A network economy is a business where the value realized by a customer increases as the userbase increases.

Facebook is a canonical example of a service that benefits from network economies.

As the user base grows, you’re able to connect with more of your friends.

This is why Facebook’s major focus, in the beginning, was retention. It’s why they rolled out school by school, and why the entire Facebook product experience focused on getting users to seven friends in ten days. Once a user had seven friends, they were much less likely to churn and thus added value to Facebook’s network.

Power 3: Counter Positioning

A newcomer adopts a new, superior business model which the incumbent does not mimic due to anticipated damage to their existing business.

Benefit: New model is superior to incumbent model due to lower costs or higher prices.

Barrier: Cannibalization of existing business

Counter positioning is when a new business adopts a new, superior business model that incumbents can’t mimic due to anticipated damage to their existing business. It’s similar to Clayton Christensen’s disruption theory but lacks the emphasis on moving from the low to the high end of the market.

Five stages of counter positioning

  1. Denial
  2. Ridicule
  3. Fear
  4. Anger
  5. Capitulation

Power 4: Switching Costs

The value loss expected by a customer that would be incurred from switching to an alternative supplier for additional purchases.

Benefit: Company with embedded Switching Costs can charge higher prices than competitors. Only adds power to sell additional services to existing customers.

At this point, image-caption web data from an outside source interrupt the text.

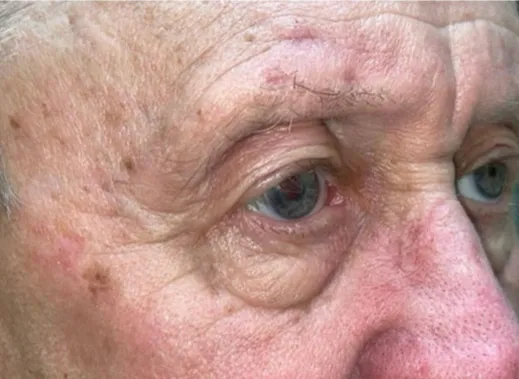Eyelid Lift (Blepharoplasty/Ptosis Repair)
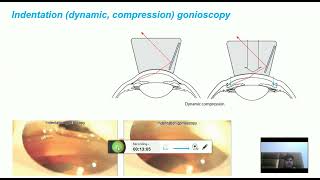 Direct and indirect gonioscopy grading systems ie shaffer scheie and spaeth [upl. by Drahsir]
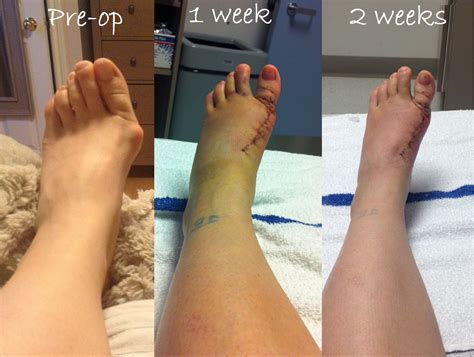 French Bunion Soup: Two Weeks Post-op: My second foot unveiling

No benefit in acquiring new customers or if there are no additional services.

Barrier: Competitor has to compensate the customer to switch

Switching costs occur when it’s easier to stay with a product or service than it is to switch (even if the alternative is objectively better). Additional products, features, integrations, consulting, and training can make it even harder to switch.

Power 5: Branding

The durable attribution of higher value to an objectively identical offering that arises from historic info about the seller.

Benefit: Business with branding is able to charge higher price

Barrier: The significant time and uncertainty needed to build a brand

Brand is arguably the most powerful and least understood of the 7 Powers. It’s so durable because of how complicated, time-intensive, and lucky you have to build a brand.

If you look at Warren Buffett’s Berkshire Hathaway portfolio you see a lot of powerful brands: American Express, Wells Fargo, Apple, Heinz, Coca Cola, Bank of America, Goldman Sachs, IBM, and John & Johnson.

Power 6: Cornered Resource

Preferential access at attractive terms to a coveted asset that can independently enhance value.

Benefit: Produces uncommonly appealing product

Barrier: Ranges from property and patent law to personal preference, e.g. retention of key talent

A company has a cornered resource when it has preferential access to limited resources or talent.

A good example for talent is Amazon, who according to The Information, has a 17-person senior leadership team, called the S-team, who have an average tenure of 15 years — the majority of the company’s 23-year lifespan.

The S-Team has a deeper understanding of what it takes to scale a business like Amazon’s than anyone else in the world and have shared almost two decades of experience.

Power 7: Process Power

Embedded company organisation and activity sets which enable lower costs and/or superior product.

Benefit: enables a company to improve products and/or lower costs as a result of embedded process improvements.

Barrier: The significant time and/or investment needed to create the process

Process Power is one of the hardest powers to copy, Toyota is famously transparent about the Toyota Production System (TPS) processes but other companies haven’t been able to replicate it.